I have two main explanations.

If other parts of life are getting in the way of middle aged people going to the opera, I can see it also getting in the way of watching opera on YouTube. I also find that opera can be a consuming passion; as opera going opportunities started to open up for me I started to listen to more and more opera, and watch more productions as well via YouTube and other sources.

The other thing is that many opera houses offer student and/or other young-person discounts. San Francisco Opera here has their BRAVO! Club, open to members 21-40, that offers significantly discounted tickets. They also offer day-of rush tickets to students and seniors (65+). Many other houses have similar deals that skew demographics somewhat.



Also I am in that demographic (35-55 year old) and know several other opera fans in that range as well. I don't say this to dispute your figures.


----------



## Pugg (Aug 8, 2014)

This is a topic to follow.


----------



## interestedin (Jan 10, 2016)

Demographics of opera. Interesting question. And why are there so many gays but not that many women?


----------



## joen_cph (Jan 17, 2010)

This is not my experience - it´s unpopular among young people in particular, and there´s a strong segment of elderly, female fans.

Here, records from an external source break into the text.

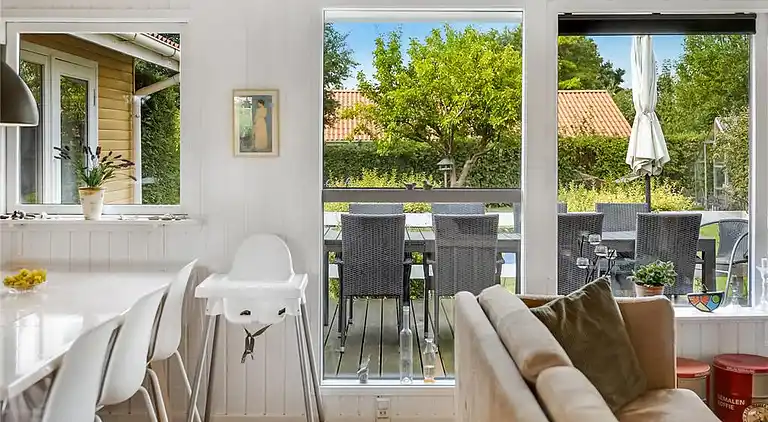 Sommerhus ved Pøt Strandby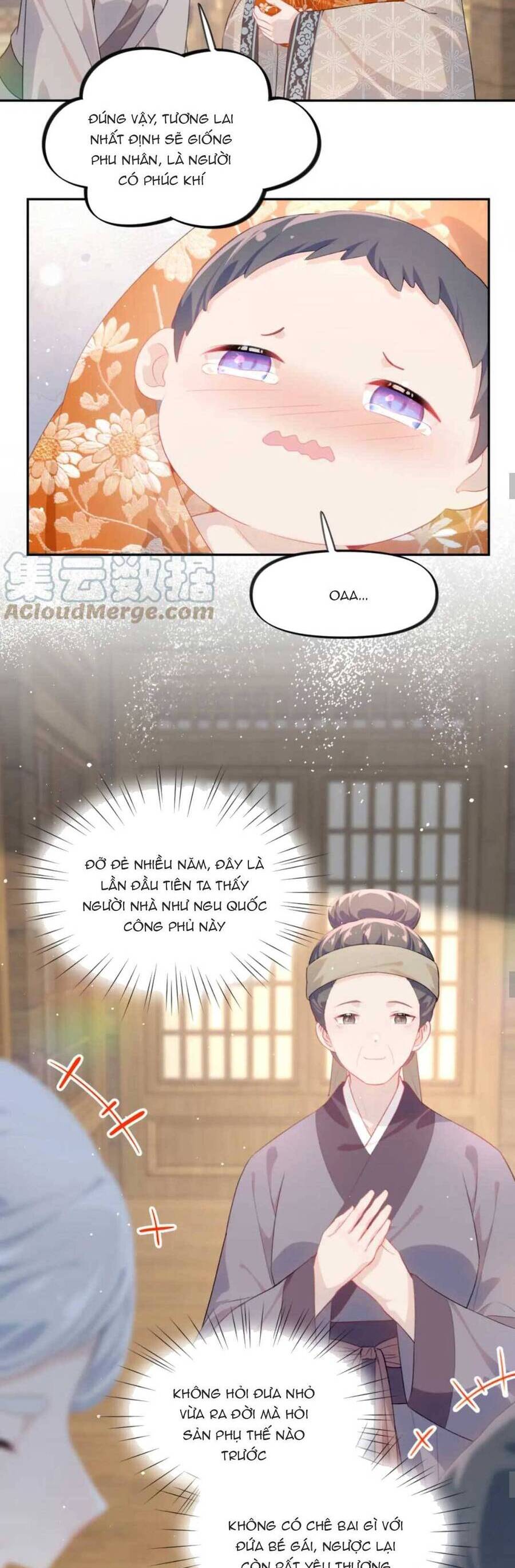 Một Đêm Bệnh Kiều Đột Nhiên Tới Chap 143 - Next Chap 144
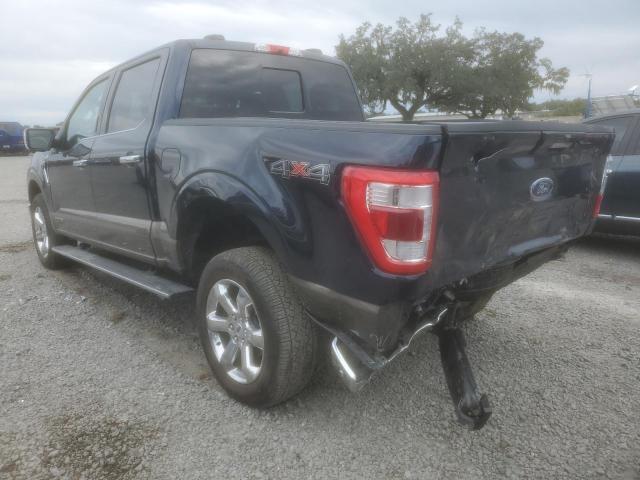 Изображение 2 2022 FORD F150 SUPERCREW 2022 с VIN 1FTFW1ED2NFB62159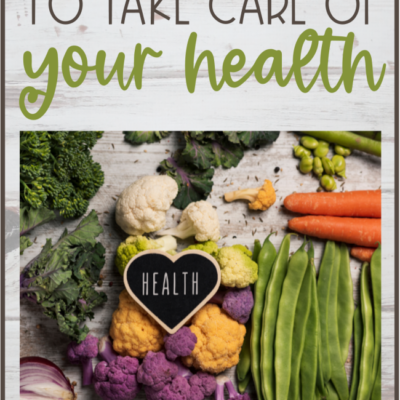 Simple Ways to Take Care of Your Health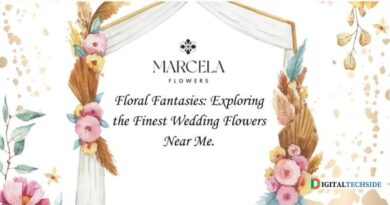 Floral Fantasies: Exploring the Finest Wedding Flowers Near Me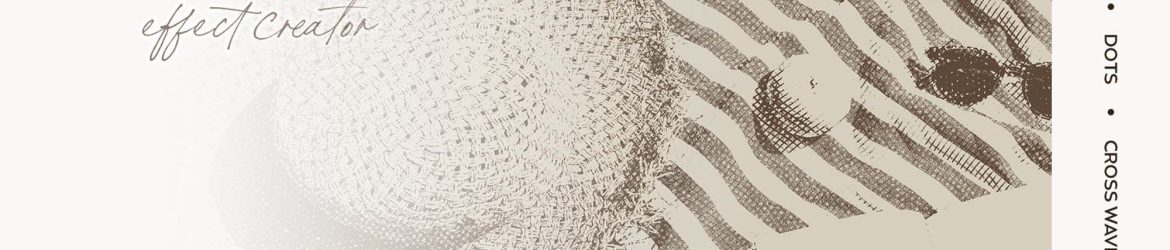Engraving & Halftone Effects (PSD) Engraving & Halftone Effects (PSD)
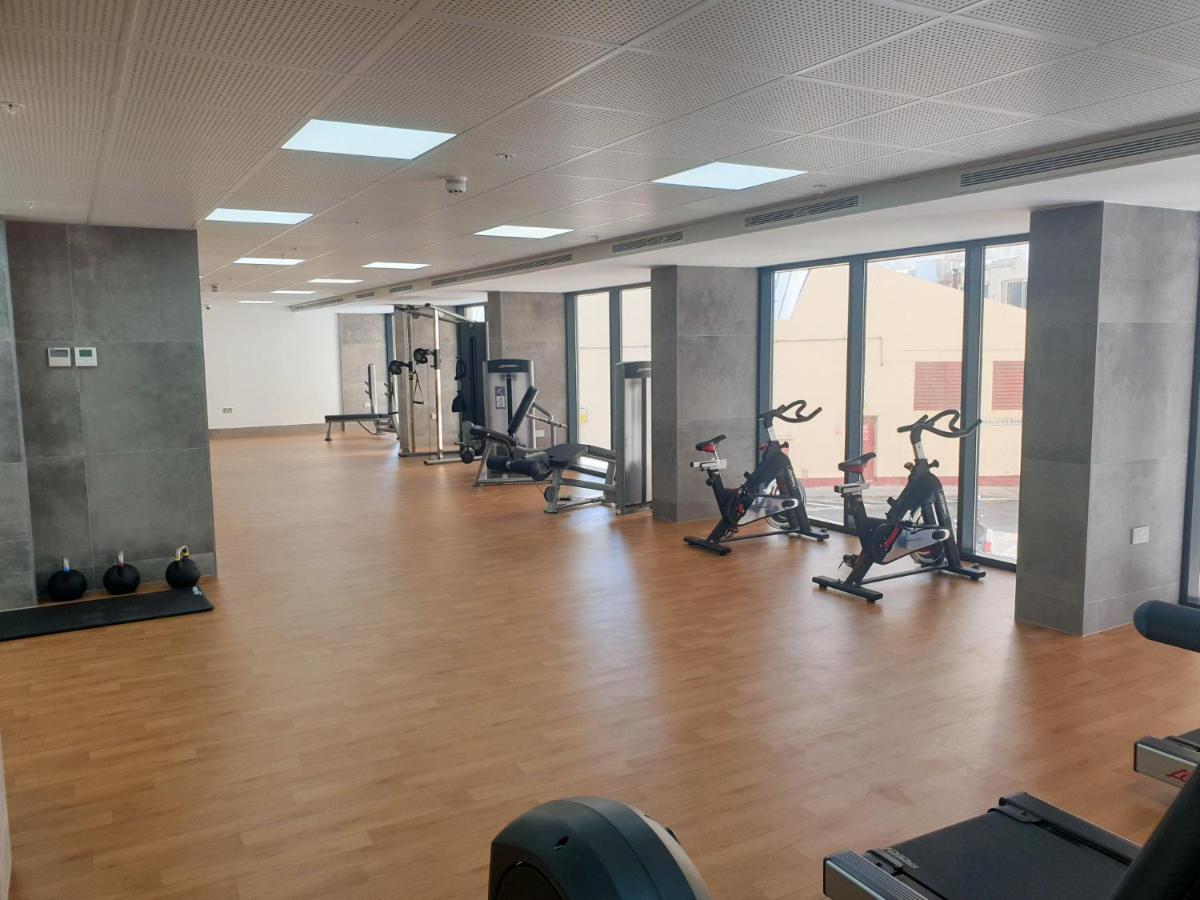 Top Floor Studio - The Hub Gibraltar - Self Catering 외부 사진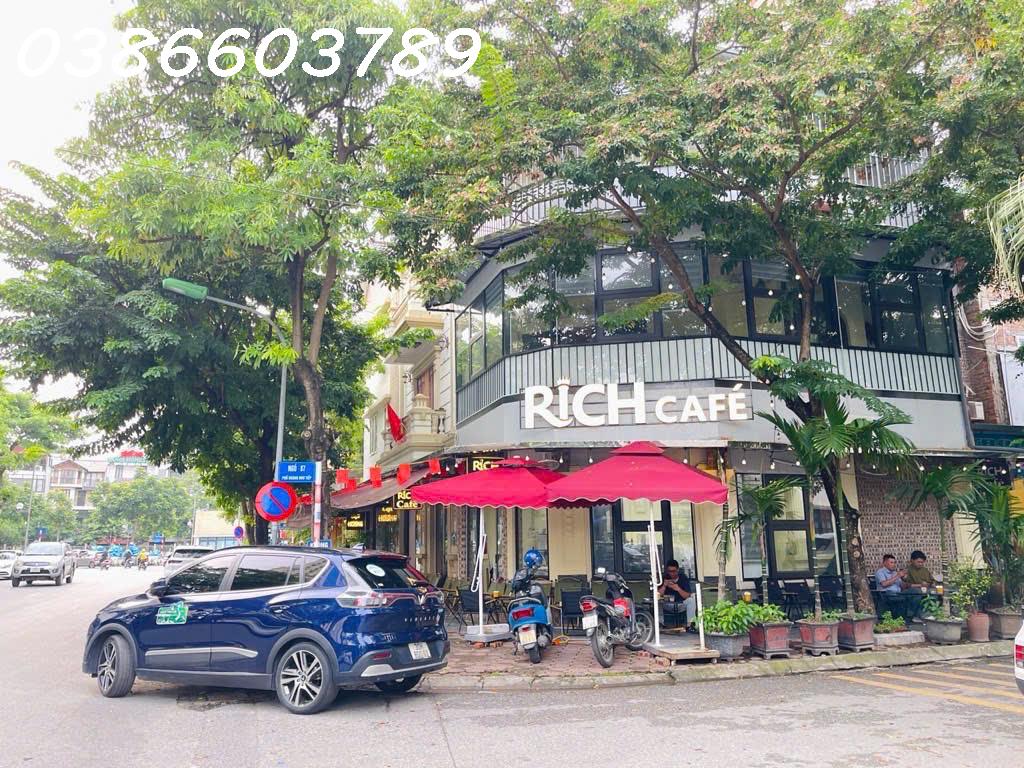  90.9m² (sử dụng 120m²) – Mặt phố Hoàng Như Tiếp – Lô góc 3 thoáng – Mặt tiền 10m – 4 tầng – giá 89 tỷ 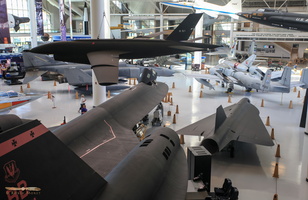 Blackbirds : Lockheed SR-71, D-21 & Ryan Firebee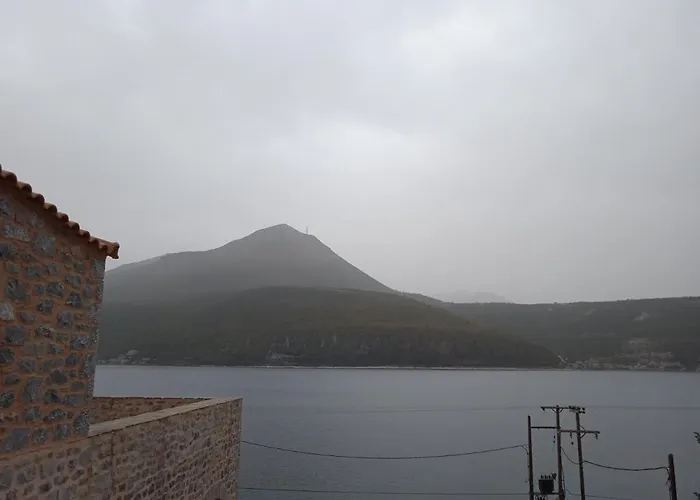 Apartamento Mani Blue Tower *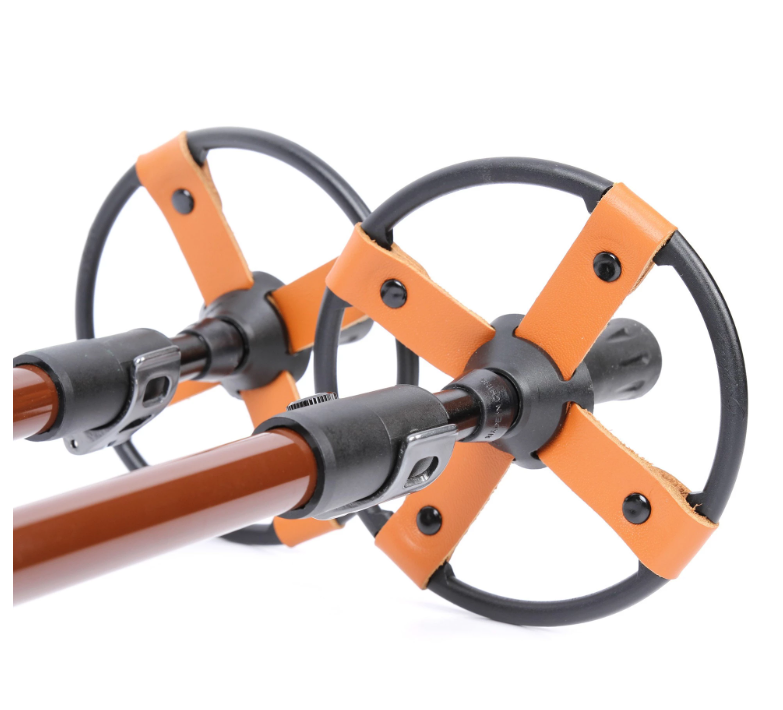 Altai Skis Pol 2 teleskopstavar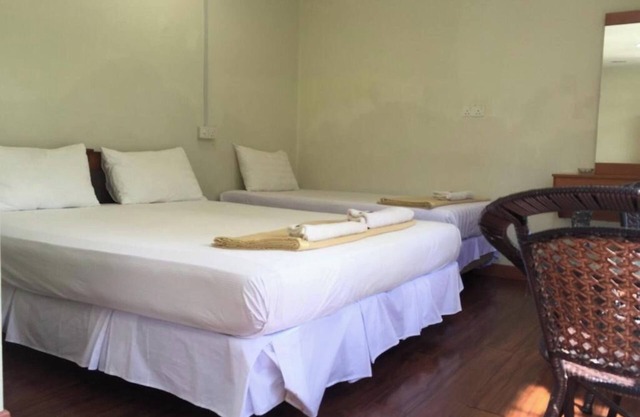 Sri Malik Hotel Tanjung Malim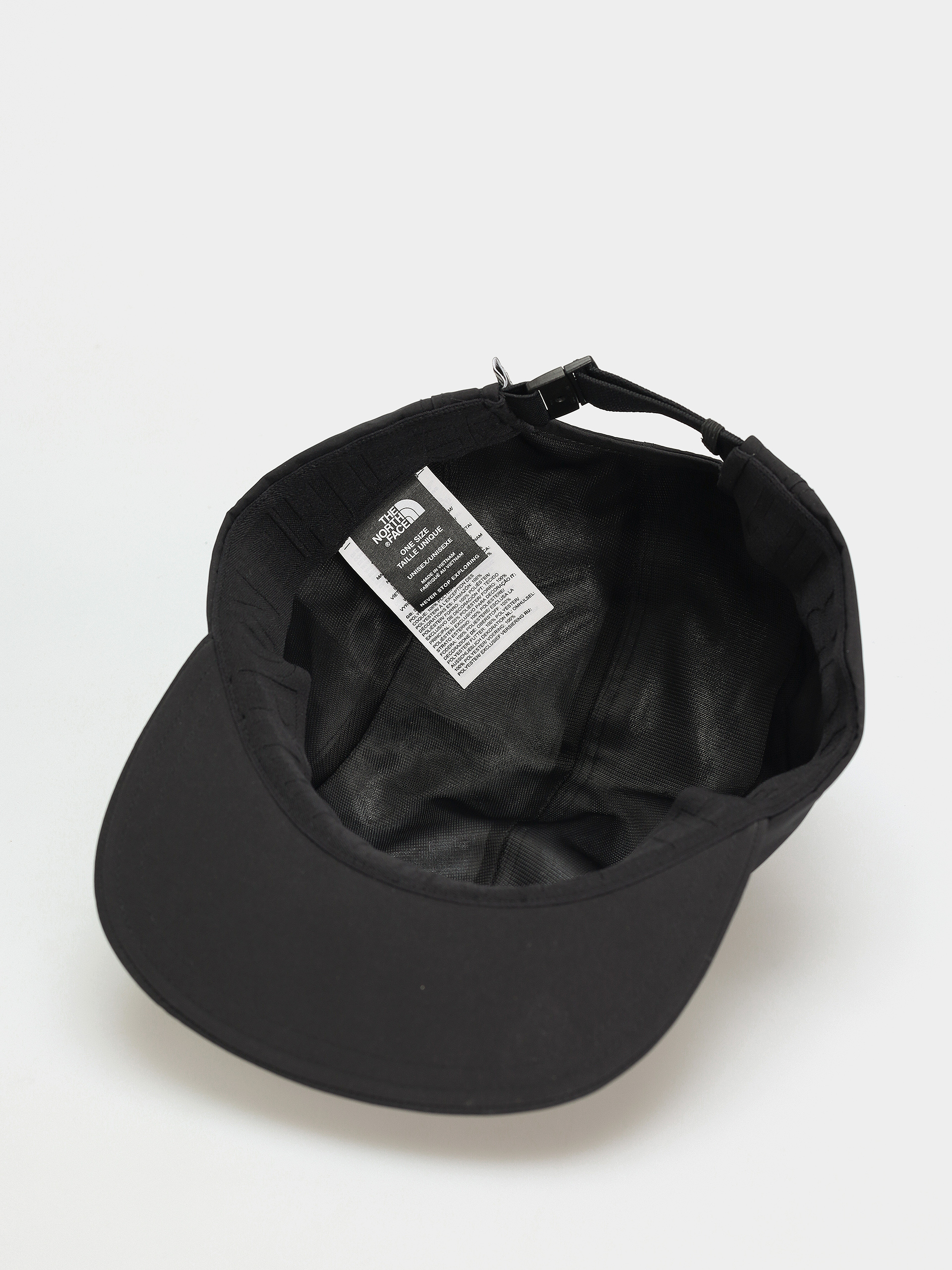Czapka z daszkiem The North Face Gtx Ballcap (tnf black)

Don´t know any statistics, though.


----------



## Ingélou (Feb 10, 2013)

When I've been to operas locally - I don't suppose Lowestoft is a typical venue! - I do notice a few young people but they seem mainly to be there with their parents or grandparents. Most of the audience are grey-haired.

I am glad if there are more young people at the bigger venues. Maybe there is a (small) change in the fashion - look how babies are being given Victorian or Edwardian first names now. As for the middle-aged people - the OP's surmise that they're too busy with family & career commitments seems a sound one.


----------



## interestedin (Jan 10, 2016)

My impression is that when I visit large opera houses in bigger cities, the audience is more diverse. Whereas in smaller theaters I often feel I am the only one younger than 70.


----------



## bestellen (May 28, 2015)

When you see a teenager walking down the street, white earbuds firmly implanted, swaying slightly to their own inner grove, you can be pretty much certain that it’s not classical music they’re listening to. Teenagers I know can enthusiastically rattle off the name of a dozen bands on their current favorite playlist, but ask them if they know who Brahms was and a funny kind of glazed look comes over their eyes. Even my music students, who I’d hope would know better, are astonishingly unknowledgeable about classical music, and if they don’t even know the names of these composer, you’d better believe that they don’t have an recordings by them.


----------



## Sonata (Aug 7, 2010)

bestellen said:


> When you see a teenager walking down the street, white earbuds firmly implanted, swaying slightly to their own inner grove, *you can be pretty much certain that it's not classical music they're listening to*. Teenagers I know can enthusiastically rattle off the name of a dozen bands on their current favorite playlist, but ask them if they know who Brahms was and a funny kind of glazed look comes over their eyes. Even my music students, who I'd hope would know better, are astonishingly unknowledgeable about classical music, and if they don't even know the names of these composer, you'd better believe that they don't have an recordings by them.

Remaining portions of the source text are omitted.